• Task inputs
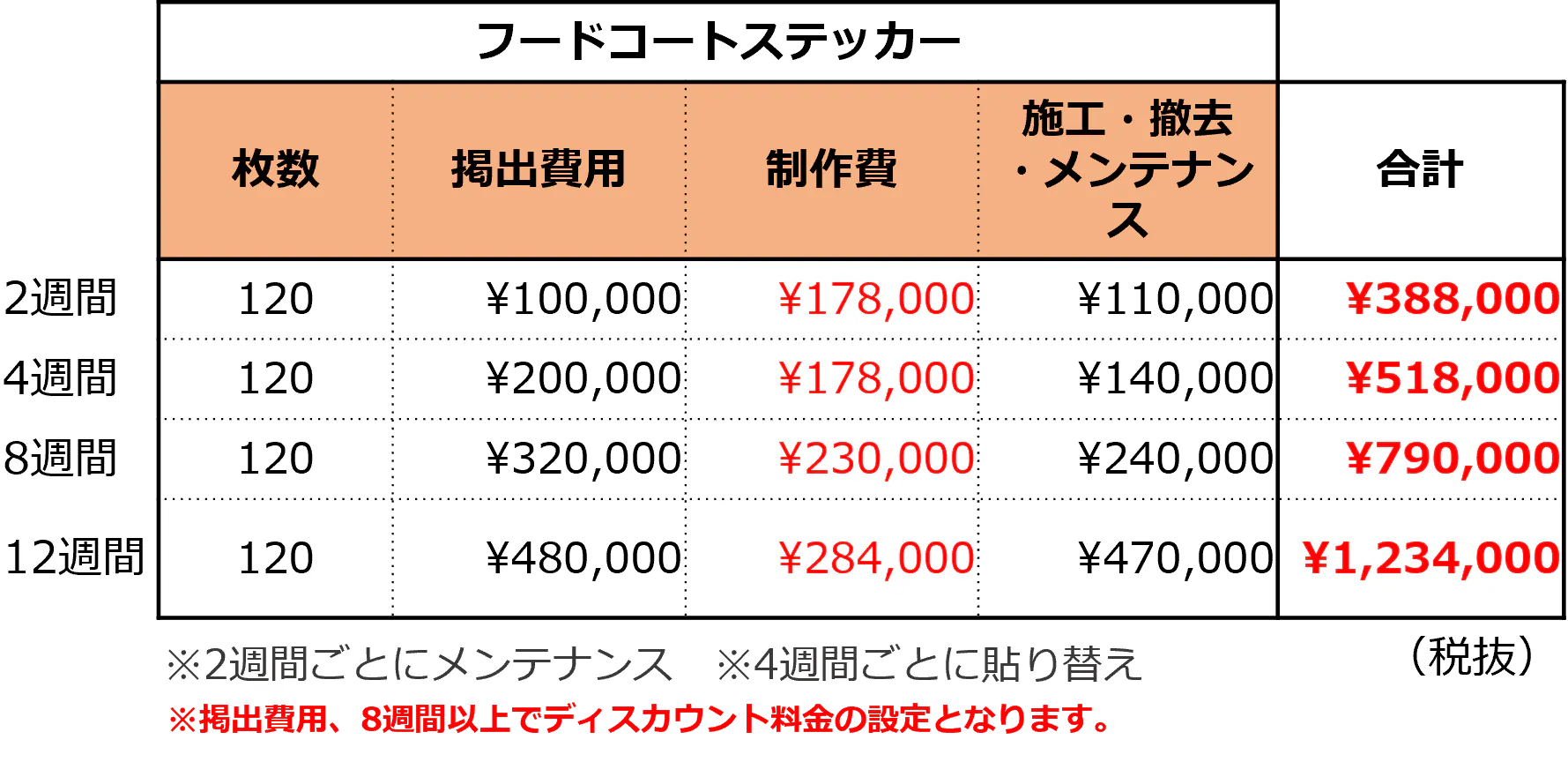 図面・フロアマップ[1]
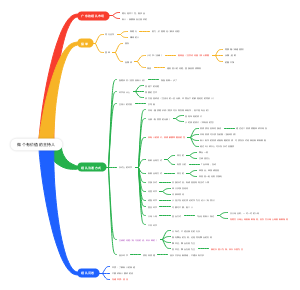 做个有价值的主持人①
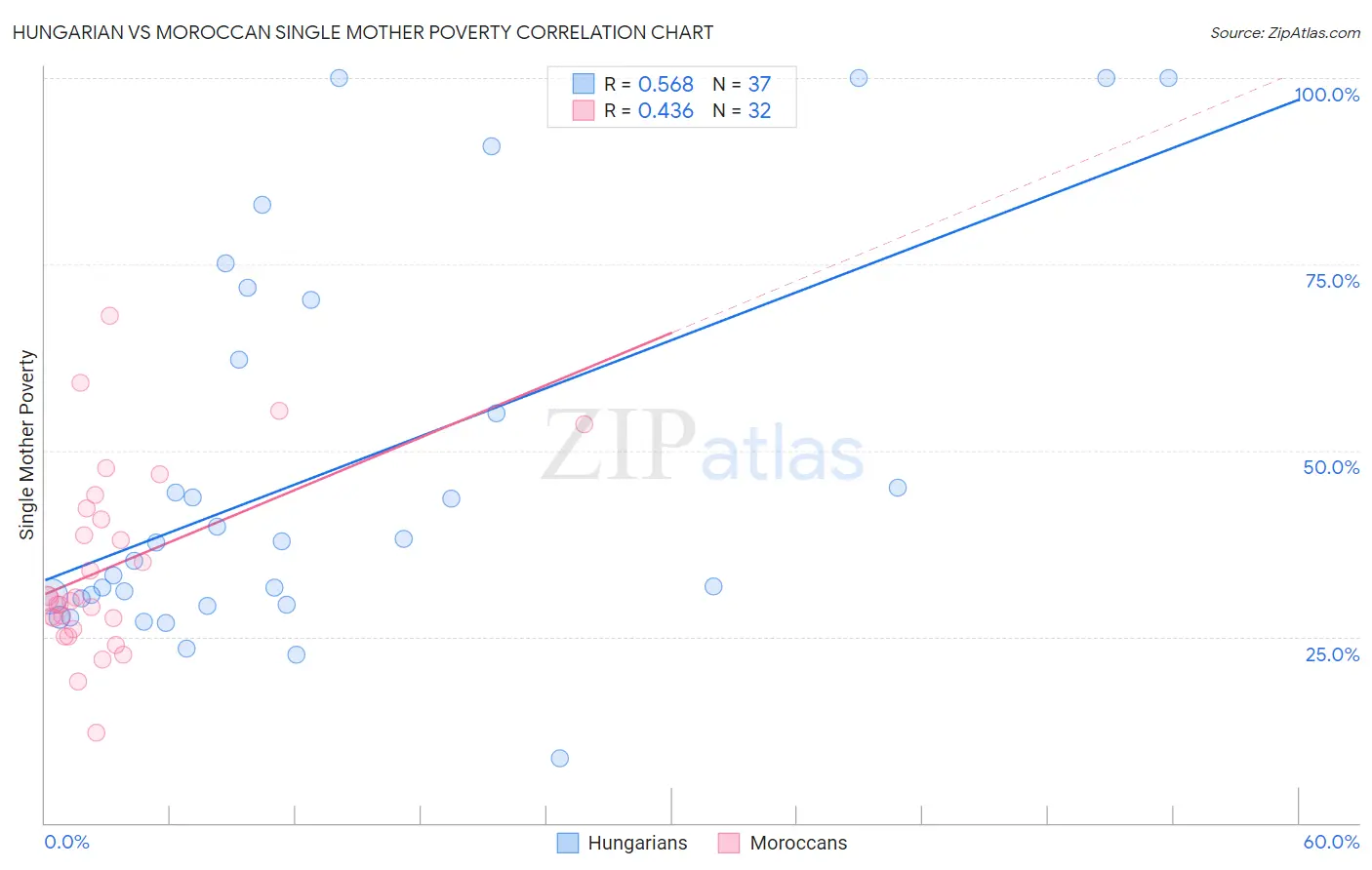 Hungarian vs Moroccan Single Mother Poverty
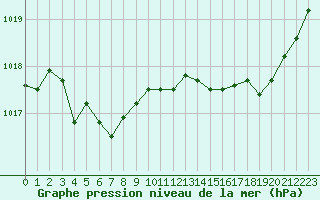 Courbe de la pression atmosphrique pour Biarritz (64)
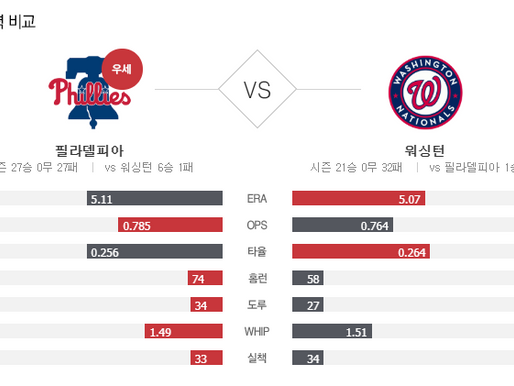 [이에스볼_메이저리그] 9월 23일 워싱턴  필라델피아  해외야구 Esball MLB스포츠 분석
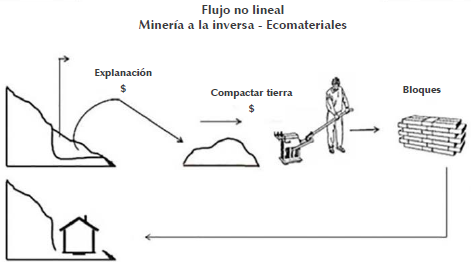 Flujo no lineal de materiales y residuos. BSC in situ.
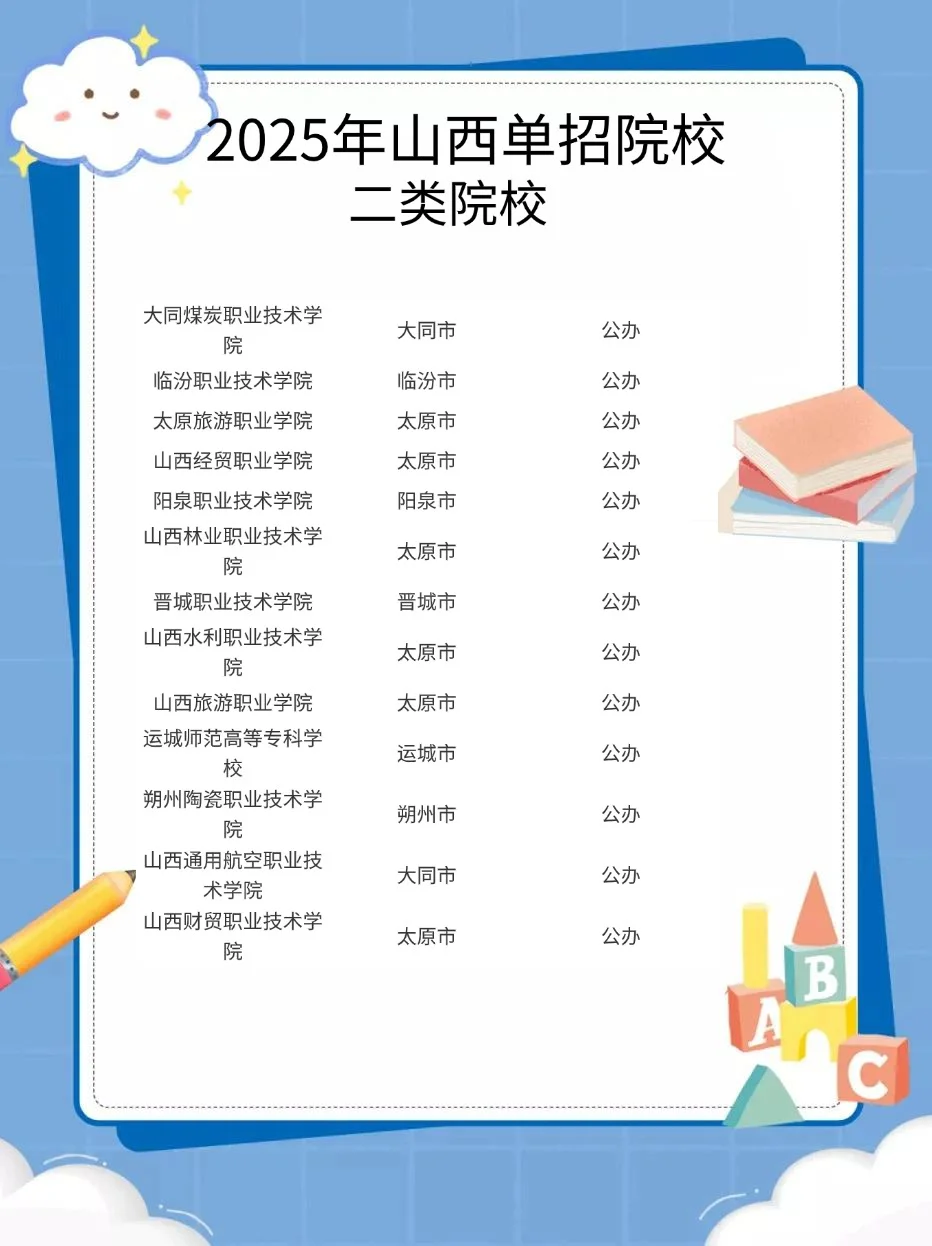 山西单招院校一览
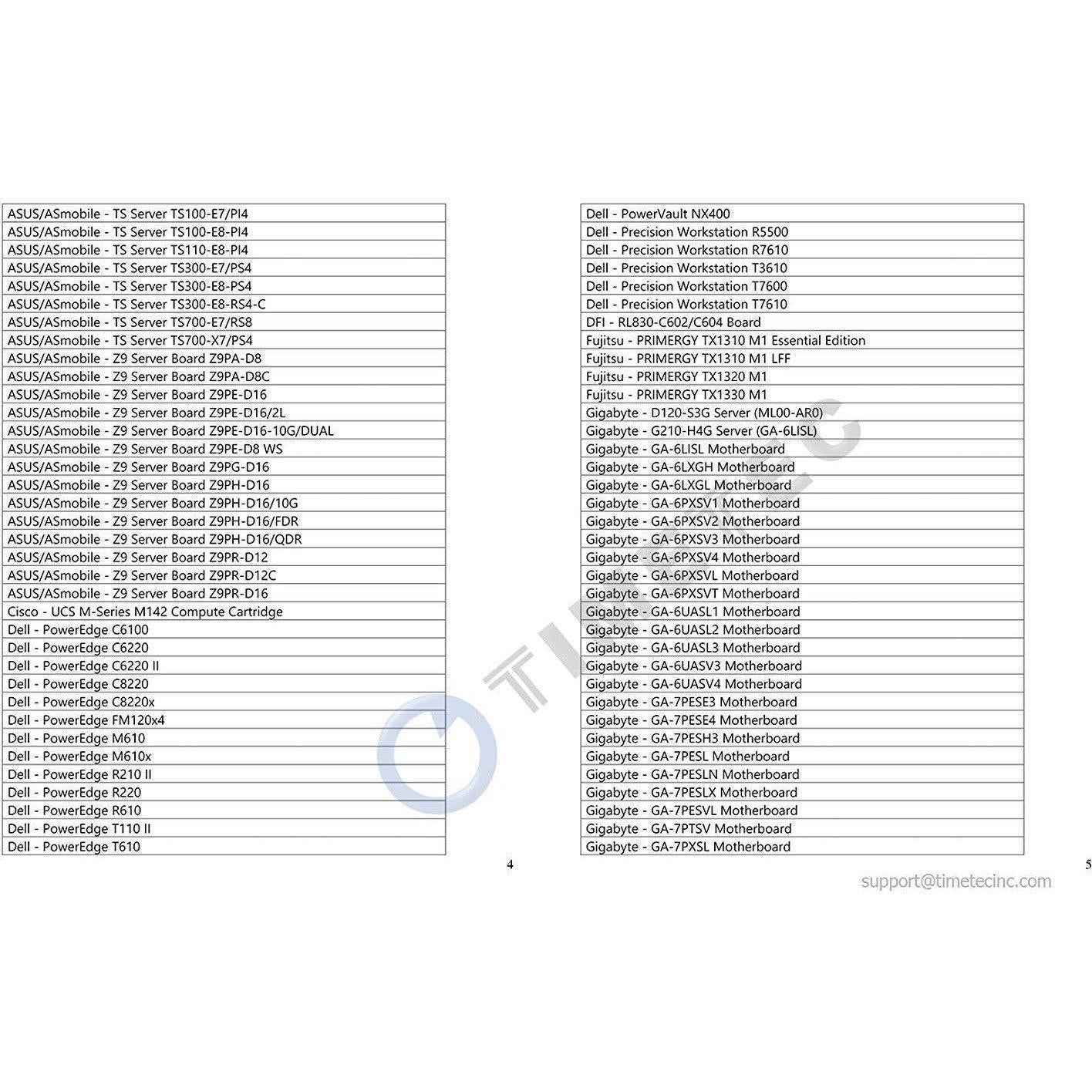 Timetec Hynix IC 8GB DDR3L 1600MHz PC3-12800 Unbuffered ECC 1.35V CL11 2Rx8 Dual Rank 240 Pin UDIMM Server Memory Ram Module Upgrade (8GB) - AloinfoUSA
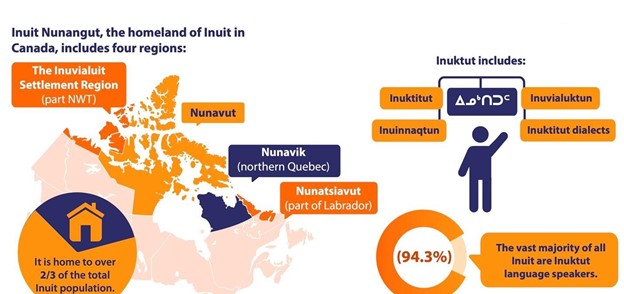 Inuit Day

• Activity
Restate the listing above word for word, and skip the pictures.

• Answer section
 図面・フロアマップ[1]
 做个有价值的主持人①
 Hungarian vs Moroccan Single Mother Poverty
 Courbe de la pression atmosphrique pour Biarritz (64)
 [이에스볼_메이저리그] 9월 23일 워싱턴  필라델피아  해외야구 Esball MLB스포츠 분석
 Flujo no lineal de materiales y residuos. BSC in situ.
 山西单招院校一览
 Timetec Hynix IC 8GB DDR3L 1600MHz PC3-12800 Unbuffered ECC 1.35V CL11 2Rx8 Dual Rank 240 Pin UDIMM Server Memory Ram Module Upgrade (8GB) - AloinfoUSA
 Inuit Day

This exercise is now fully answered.